Energy Information Team Ltd: terms and conditions
Definitions
“Agreement”: the contractual relationship between EIT and the Customer as set out in these terms and conditions and Letter of Authority. “Breach Fee”: payment due from the Customer to EIT in the event of a Customer Breach. “Commencement Date”: has the meaning given in clause 1. “Commission Payment”: the payment EIT is entitled to receive from the Supplier as a result of the Customer entering into the Contract. “Confidential Information”: means such information as one party may provide to the other as part of or in relation to this Agreement. “Contract”: the contract entered into by the Customer (or by EIT on the Customer’s behalf) with the Supplier for the supply of energy and as part of the Services and any extensions to this Agreement. “Customer Breach”: any act or omission of the Customer that represents a breach of the terms of this Agreement by the Customer. “Customer Obligations”: as set out in clause 2. “Data Protection Legislation”: all relevant data protection and privacy legislation in force from time to time in England and Wales a non exhaustive list of which includes the General Data Protection Regulation ((EU) 2016/679); the Data Protection Act 2018; the Privacy and Electronic Communications Directive 2002/58/EC (as updated by Directive 2009/136/EC) and the Privacy and Electronic Communications Regulations 2003 (SI 2003/2426) as amended. “Letter of Authority”: such letters of authority being as the Customer may sign from time to time. “Services”: the services that EIT will provide to the Customer include presenting the Customer with details of a proposed supply contract(s) from one (or a number) of Suppliers from EIT’s portfolio of suppliers for the Customer to choose to accept and as set out in the Letter(s) of Authority. “Supplier”: the supplier that the Customer choses to enter into a Contract with. “Working Day”: Monday to Friday other than a public holiday in England.
1. SUPPLY OF SERVICES
2. CUSTOMER’S OBLIGATIONS
- The Customer agrees: (i) to co-operate with EIT in all matters relating to the Services and not in any way through acts or omissions hinder, prevent or delay the provision of the Services; (ii) to comply at all times promptly and completely with both this Agreement and any terms and conditions of the relevant Supplier relating to the Contract including for the avoidance of doubt the obligation to make all payments promptly to the Supplier under the Contract; (iii) to provide such information, data or documents as EIT may request from time to time; (vi) to ensure that all information and documents provided to EIT is complete, up to date and accurate at all times; (v) to provide such assistance as EIT may reasonably require from time to time in relation to the Services; (vi) to immediately inform EIT in the event there is any change in the Customer’s circumstances which may affect the provision of the Services and or impact the Contract or proposed Contract; (vii) to comply with the provisions of the Bribery Act 2010 and any other applicable legislation; (viii) not at any time whether directly or indirectly instruct, direct, permit, cause or allow the Supplier to cease or withhold the payment of any Commission Payment to EIT; and (ix) not at any time to have entered into or enter into any other contract (for any reason including due to a change in tenancy or change in occupancy) for the supply of energy (“Other Contract”) for the intended period of the Contract whereby that Other Contract provides energy and/or the Services, whether in whole or in part, to be provided under the Contract.

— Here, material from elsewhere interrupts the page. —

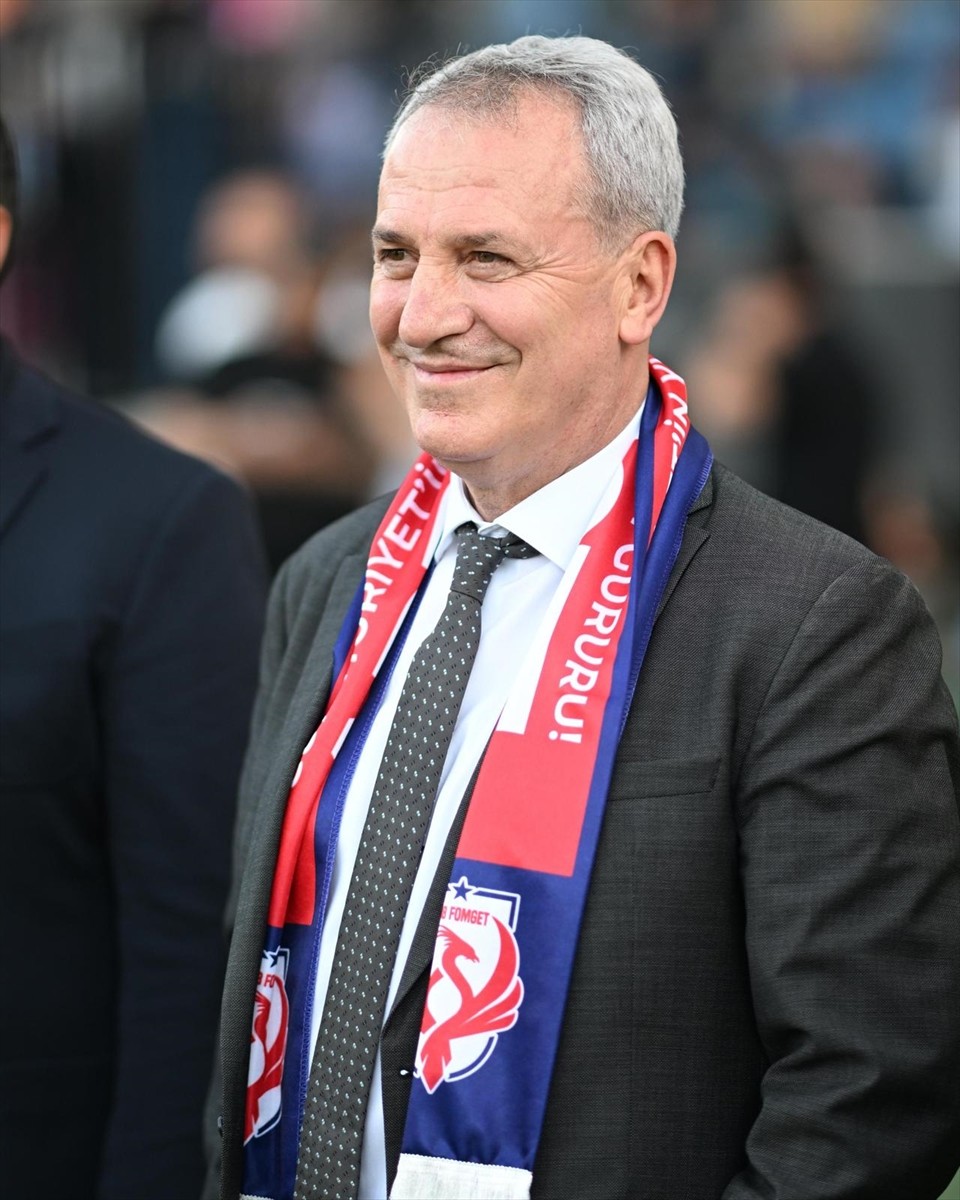 Turkcell Kadın Futbol Süper Ligi'nin şampiyonu Ankara Büyükşehir Belediyesi (ABB) FOMGET Kadın...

3. CUSTOMER’S BREACH OF THE AGREEMENT: SUSPENSION AND TERMINATION
The Customer’s attention is drawn to this clause: the consequences of the Customer breaching this agreement
Without affecting any other right or remedy available to it EIT may as it sees fit terminate or suspend the Agreement with immediate effect by giving written notice to the Customer if: (i) the Customer commits a material breach of any term of the Agreement and (if such a breach is remediable) fails to remedy that breach to EIT’s satisfaction within fourteen days of the Customer being notified in writing to do so; (ii) the Customer takes any step or action in connection with its entering administration, provisional liquidation or any composition or arrangement with its creditors (other than in relation to a solvent restructuring), is subject to a winding up process (whether voluntarily or by order of the court, unless for the purpose of a solvent restructuring), has a receiver appointed to any of its assets or ceasing to carry on business; or (iii) the Customer suspends, or threatens to suspend, or ceases or threatens to cease to carry on all or a substantial part of its business. In the event of such termination or suspension EIT is relieved of all its obligations under the Agreement. Further in the event of: (i) termination (that may conclude suspension); or (ii) any breach of a Customer Obligation for whatever reason the Customer will on receipt of demand pay to EIT the Breach Fee. The Breach Fee shall be a payment of whichever is higher either: (i) representing the Commission Payment (or such balance of the Commission Payment yet to be paid to EIT) which EIT would have received from the Supplier but is not received or will not be received due to the Customer Breach; or (ii) a fixed amount of £750 per meter. The Customer agrees that the Breach Fee, whether fixed or Commission Payment based, represents the reimbursement of loss suffered by EIT resulting from the Customer Breach. It does not represent an unfair gain or windfall on the part of EIT that is in the nature of or is capable of falling within the definition of a penalty. The Commission Payment for the purposes of this clause is calculated on the basis of the consumption as set out in the Contract or related documents. The Breach Fee is due to be paid as per this clause irrespective of any date or dates the Supplier may have been due to make the Commission Payment to EIT.
4. CHANGE OF TENANCY
5. CONSUMPTION TOLERANCE
6. LITIGATION COSTS
7. CONSEQUENCES OF TERMINATION
Termination or expiry of the Agreement shall not affect: (i) any rights, remedies, obligations or liabilities of the parties that have accrued up to the date of termination or expiry; (ii) the liability of the Customer to EIT in the event of a Customer Breach; and (ii) in any event any liability of the Customer to make a payment to EIT of this agreement.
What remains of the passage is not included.